Work task | If an entry holds a picture, leave that picture out and reproduce everything else exactly.

The records |

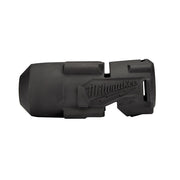 Black Milwaukee M18 HTIW protective boot with cylindrical and angular molded sections and Milwaukee branding on side.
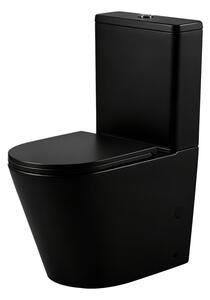 Erga Tina, kombinált WC-csésze 620x365x820 mm, Tornado 2.0 + WC-ülőke, matt fekete, ERG-V03-TINA-TO2-BK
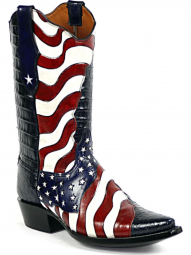 Black Jack Usa Flag Tooling Craftsman Hand-Tooled Cowboy Boot HT-144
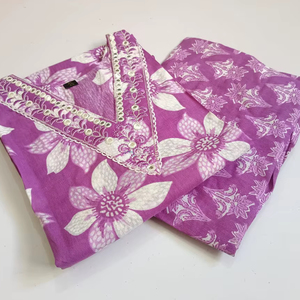 Kurta long décontracté en coton biologique pur, coupe droite, manches 3/4, longueur genou, col brodé, taille élastique, lavable - Product Image 4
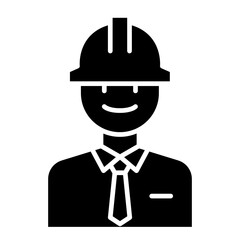 Engineer icon in glyph style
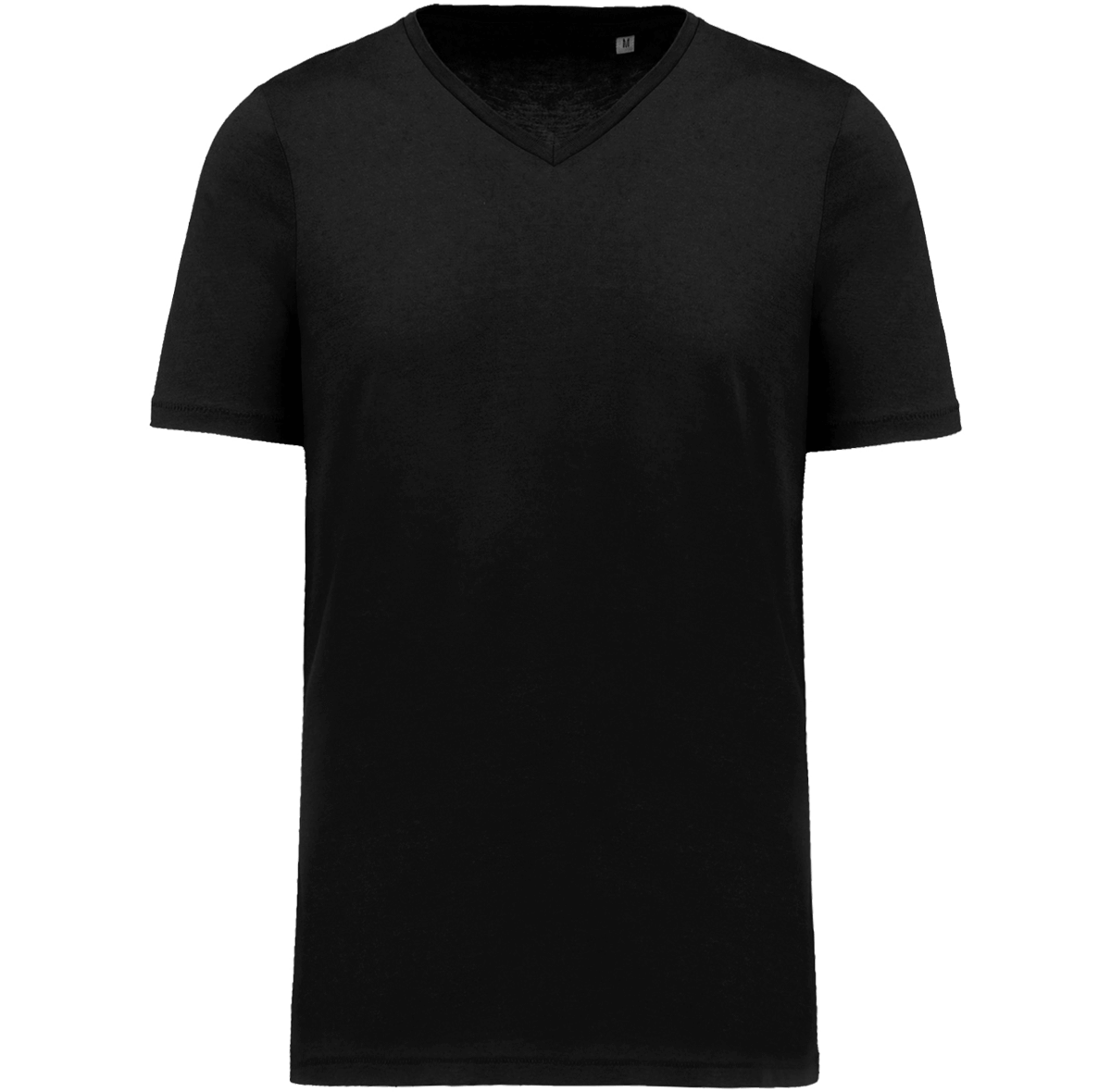 T-Shirt Supima Col V Manches Courtes Homme | 100% Coton Supima | Impression Et Broderie Black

Result |
 Black Milwaukee M18 HTIW protective boot with cylindrical and angular molded sections and Milwaukee branding on side.
 Erga Tina, kombinált WC-csésze 620x365x820 mm, Tornado 2.0 + WC-ülőke, matt fekete, ERG-V03-TINA-TO2-BK
 Black Jack Usa Flag Tooling Craftsman Hand-Tooled Cowboy Boot HT-144
 Kurta long décontracté en coton biologique pur, coupe droite, manches 3/4, longueur genou, col brodé, taille élastique, lavable - Product Image 4
 Engineer icon in glyph style
 T-Shirt Supima Col V Manches Courtes Homme | 100% Coton Supima | Impression Et Broderie Black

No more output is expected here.